Fabricated Myths about War

In front of the White House last Thursday, Pulitzer Prize-winning journalist Chris Hedges and Pentagon Papers whistle-blower Daniel Ellsberg, were among the 131 people arrested while protesting America’s involvement in Iraq, Afghanistan, and Pakistan. Hedges, a veteran war correspondent, recalls what he was thinking just moments before being arrested:

I was transported in that short walk to places I do not like to go. Strange and vivid flashes swept over me—the young soldier in El Salvador who had been shot through the back of the head and was, as I crouched next to him, slowly curling up in a fetal position to die; the mutilated corpses of Kosovar Albanians in the back of a flatbed truck; the screams of a woman, her entrails spilling out of her gaping wounds, on the cobblestones of a Sarajevo street.

Americans rarely see the horror and savagery of the wars being fought in their name. The public—right or wrong—could care less about war; and our military and political elites have incentives for withholding the realities of war from the public. I don’t like that symbiosis, but it makes sense.

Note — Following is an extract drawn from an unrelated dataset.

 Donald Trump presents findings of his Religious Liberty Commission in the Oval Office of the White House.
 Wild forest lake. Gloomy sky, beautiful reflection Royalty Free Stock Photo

What I find disturbing is the way in which the military’s values of small-unit cohesion—duty, honor, and camaraderie—have been adopted and are now being propagated by popular culture. In the 20th century, cultural narratives merely glorified war and combat. In the 21st century, cultural narratives are being driven by systems directed by war and combat. This “new isolationism” allows the public to hide from war, while enabling the government to devise new justifications for prolonging them.

In these heady days of the holiday season, while you’re buying your niece or nephew that last stocking stuffer or cavorting with co-workers at the annual Holiday party, keep this striking image in mind:

[W]e would drive into towns in Bosnia and find bodies crucified on the sides of barns or decapitated, burned and mutilated. That is why those slain in combat are treated as trophies by their killers, turned into grotesque pieces of performance art.